*Data shown*:
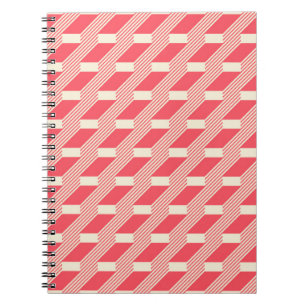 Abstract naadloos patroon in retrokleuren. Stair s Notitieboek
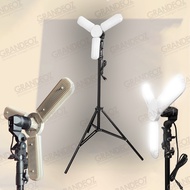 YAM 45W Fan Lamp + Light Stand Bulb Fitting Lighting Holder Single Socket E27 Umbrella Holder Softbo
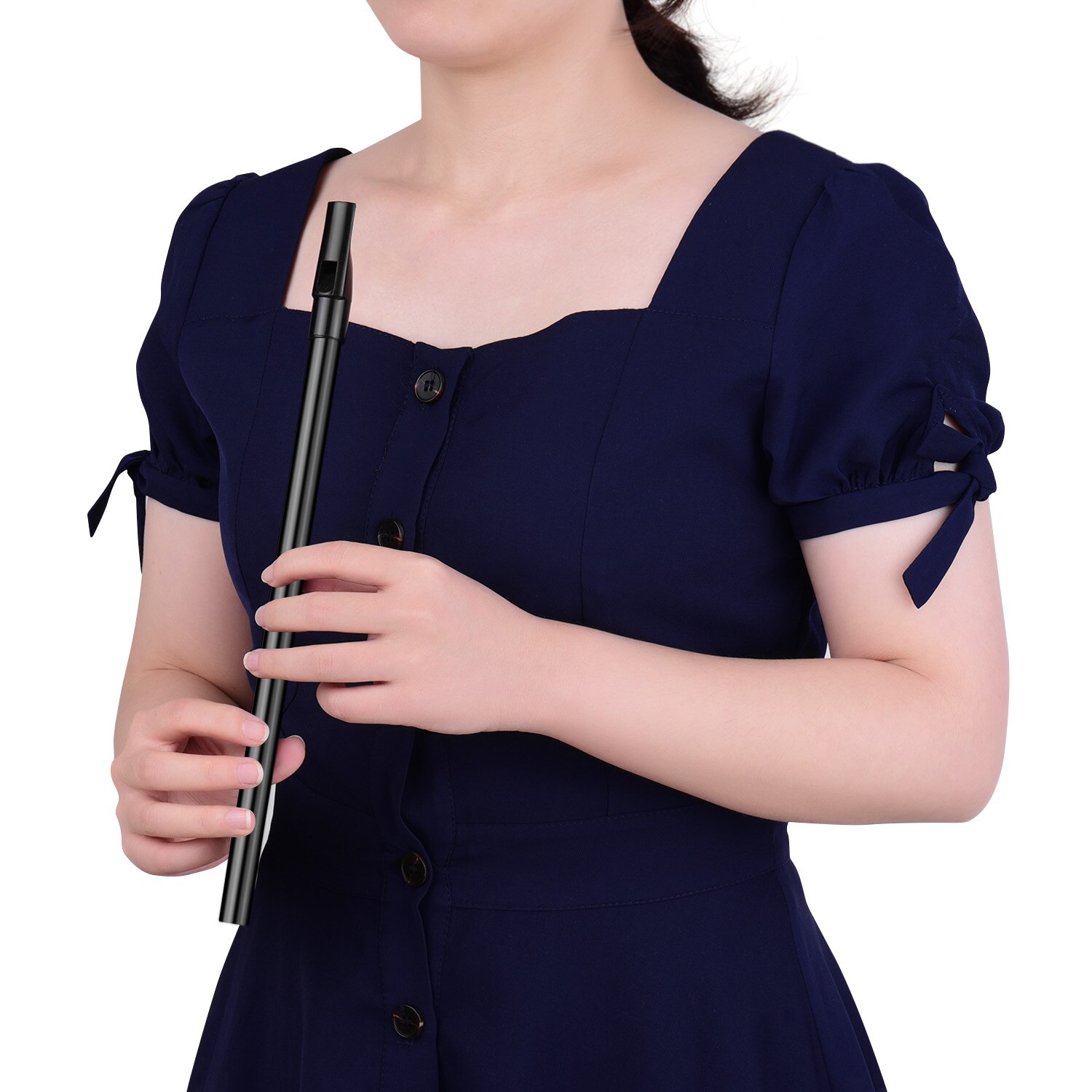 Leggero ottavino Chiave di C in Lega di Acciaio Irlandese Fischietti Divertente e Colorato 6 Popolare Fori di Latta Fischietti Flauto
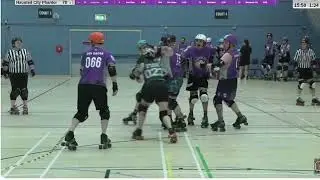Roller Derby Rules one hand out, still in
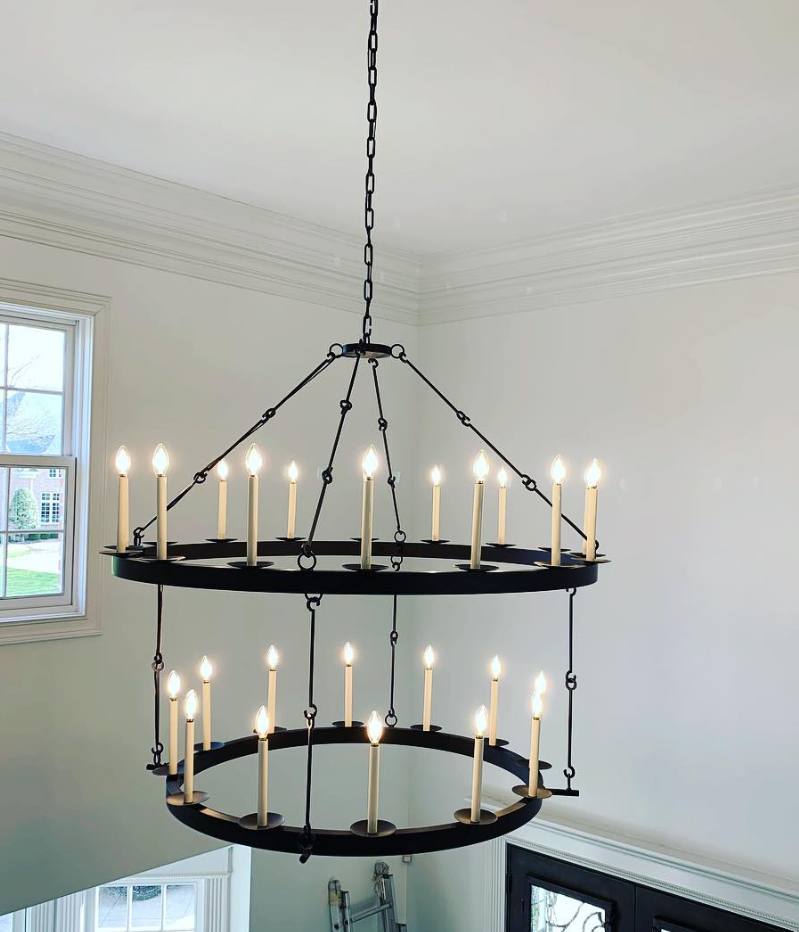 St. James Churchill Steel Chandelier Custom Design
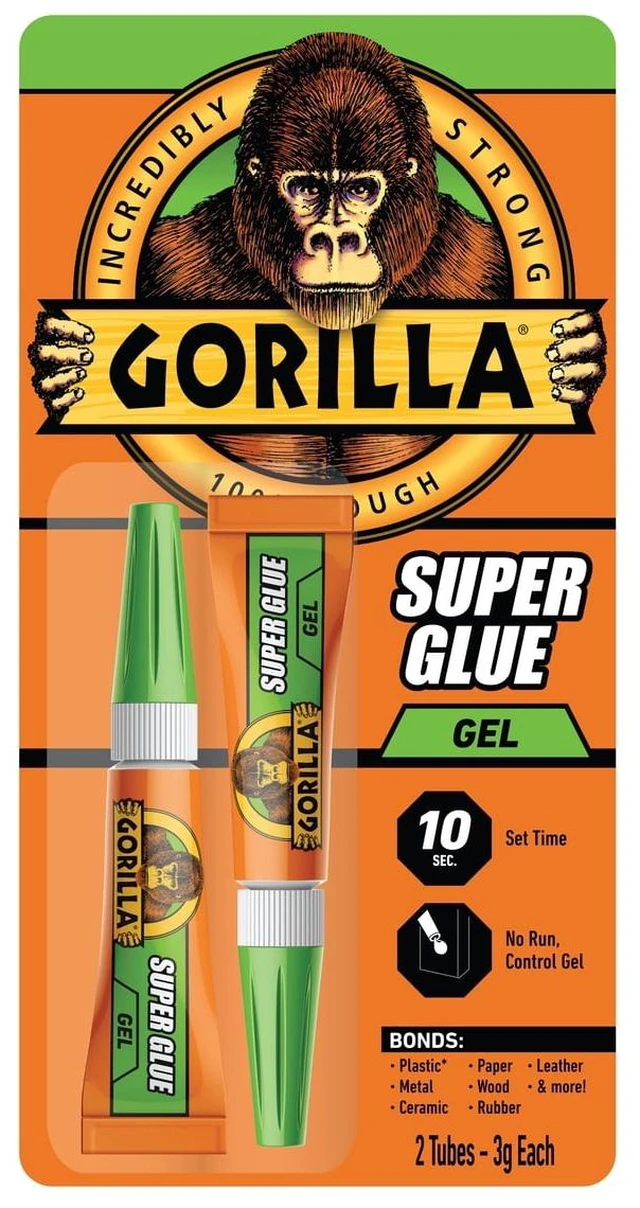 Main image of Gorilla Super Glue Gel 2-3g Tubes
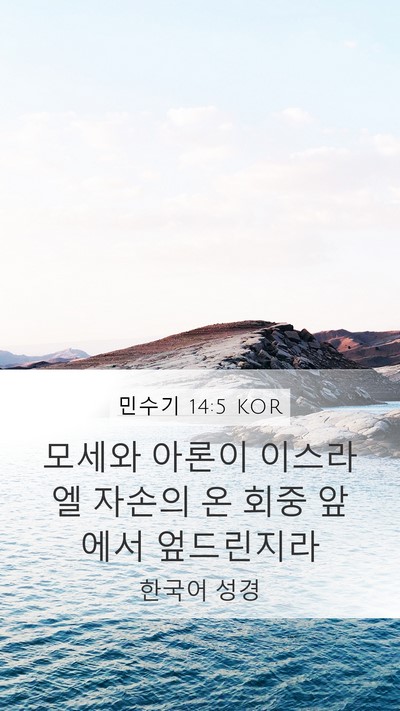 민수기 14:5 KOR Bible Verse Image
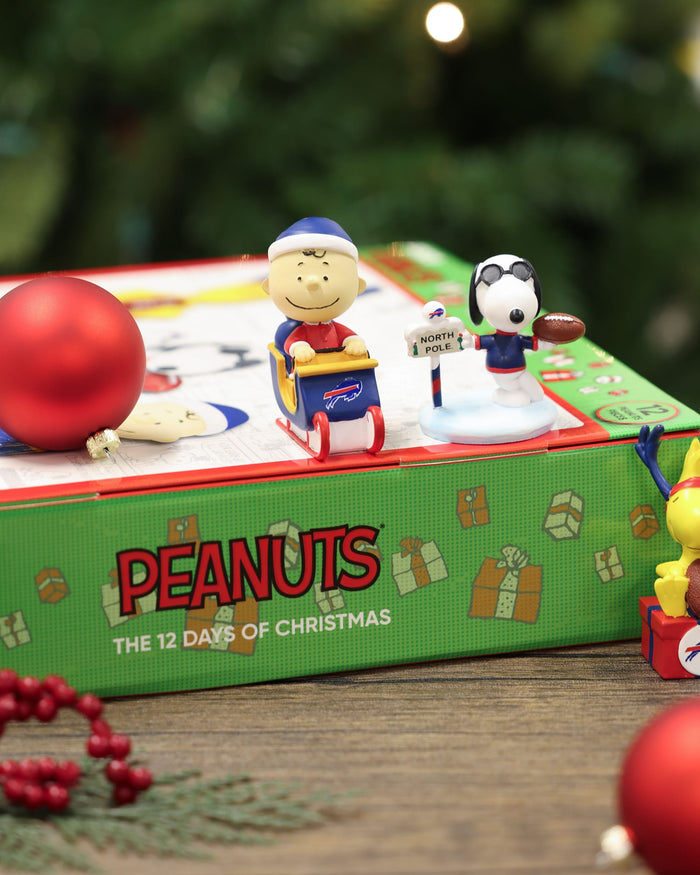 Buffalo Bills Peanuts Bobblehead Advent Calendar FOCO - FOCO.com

* * *

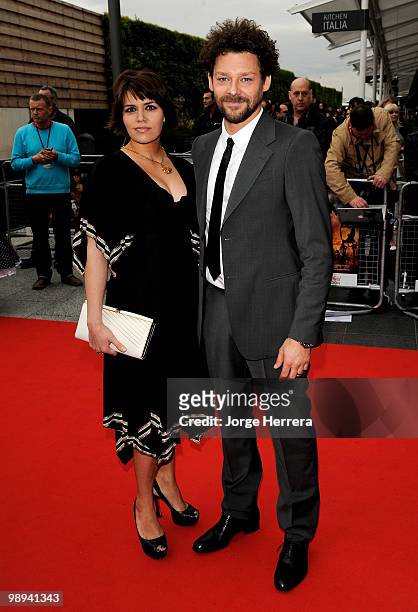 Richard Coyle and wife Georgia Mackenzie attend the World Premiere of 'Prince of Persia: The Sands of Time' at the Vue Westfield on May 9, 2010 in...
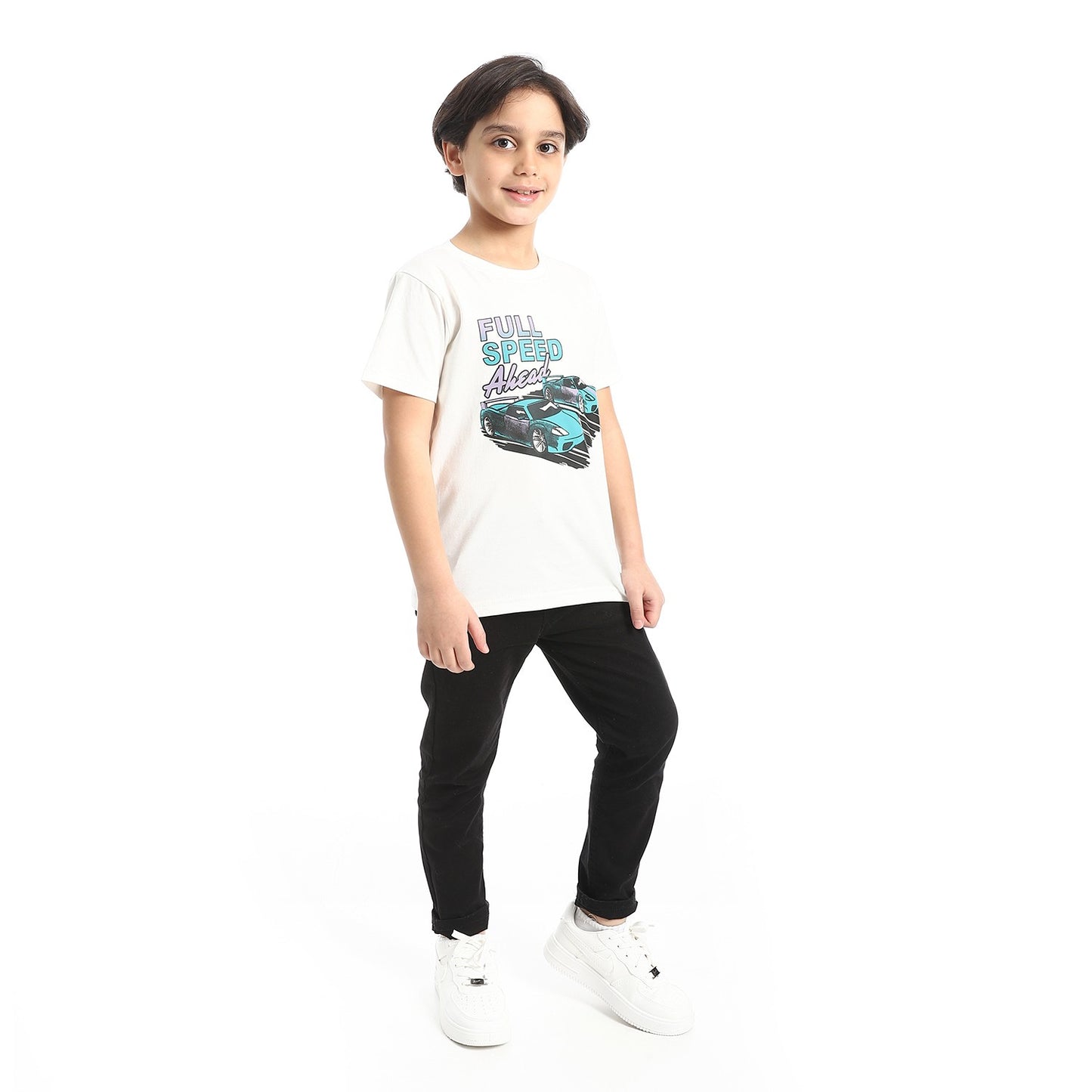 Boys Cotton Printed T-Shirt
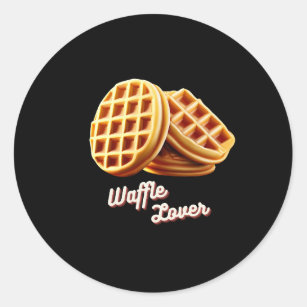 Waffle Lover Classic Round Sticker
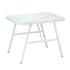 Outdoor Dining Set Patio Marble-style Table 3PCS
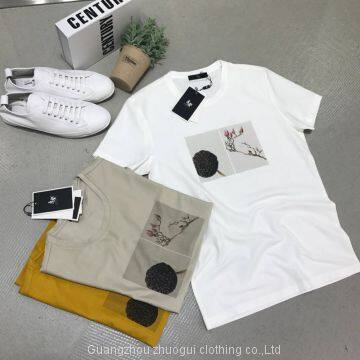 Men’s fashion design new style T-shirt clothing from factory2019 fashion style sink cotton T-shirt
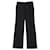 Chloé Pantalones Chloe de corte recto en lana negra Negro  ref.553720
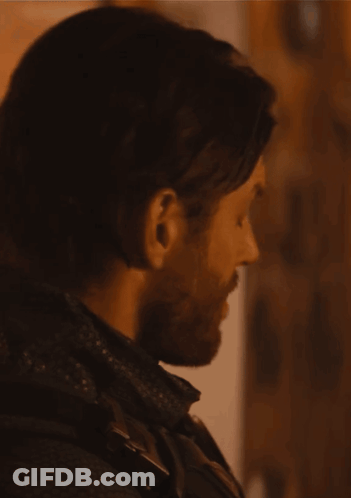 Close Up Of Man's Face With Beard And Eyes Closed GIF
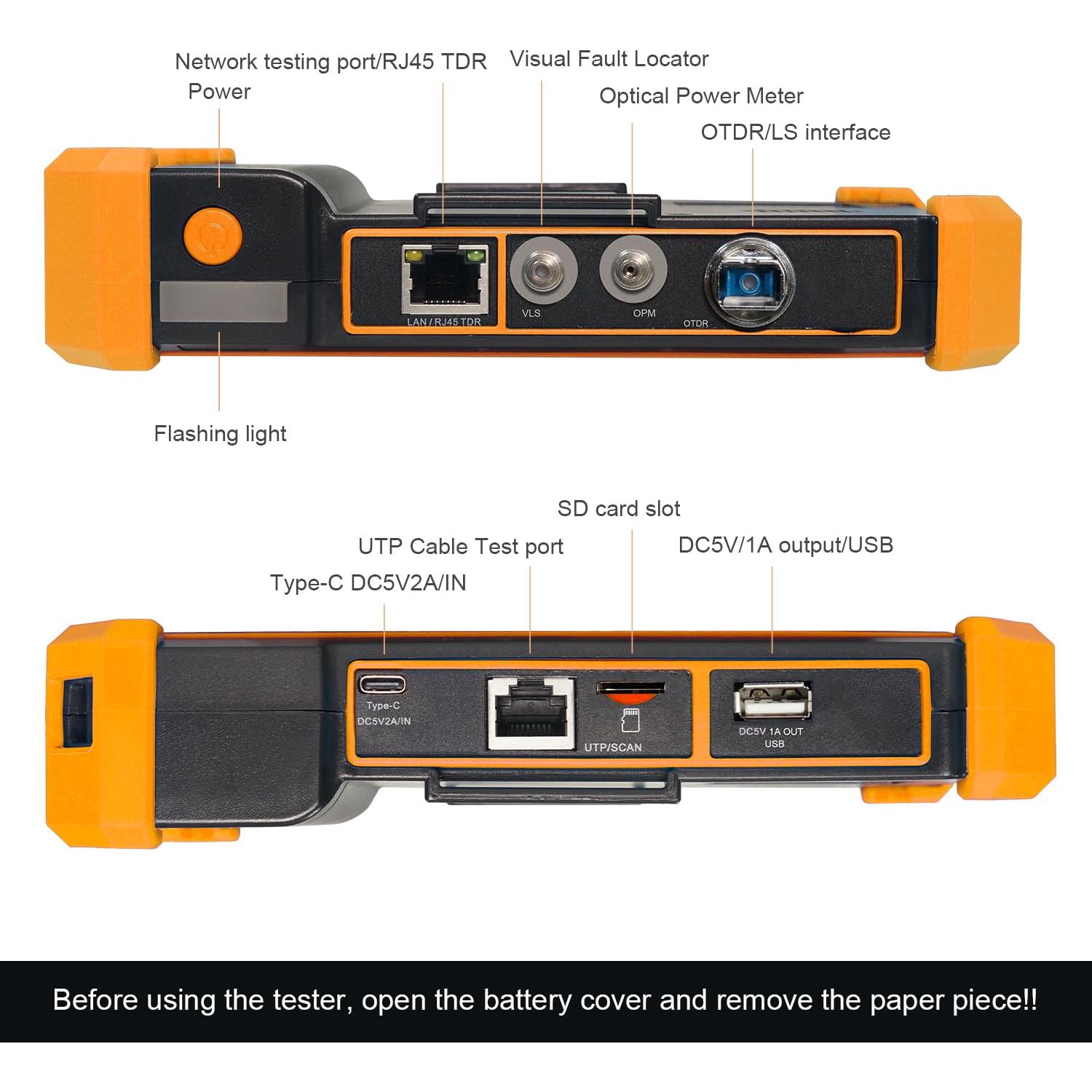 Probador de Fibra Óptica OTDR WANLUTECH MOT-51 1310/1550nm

*Exercise prompt*: In the records above, everything from the line with "Main image of" down to the line with "Buffalo Bills Peanuts" is to be set down exactly, both ends included, with no pictures and no other lines.

*Solution for this task*:
 Main image of Gorilla Super Glue Gel 2-3g Tubes
 민수기 14:5 KOR Bible Verse Image
 Buffalo Bills Peanuts Bobblehead Advent Calendar FOCO - FOCO.com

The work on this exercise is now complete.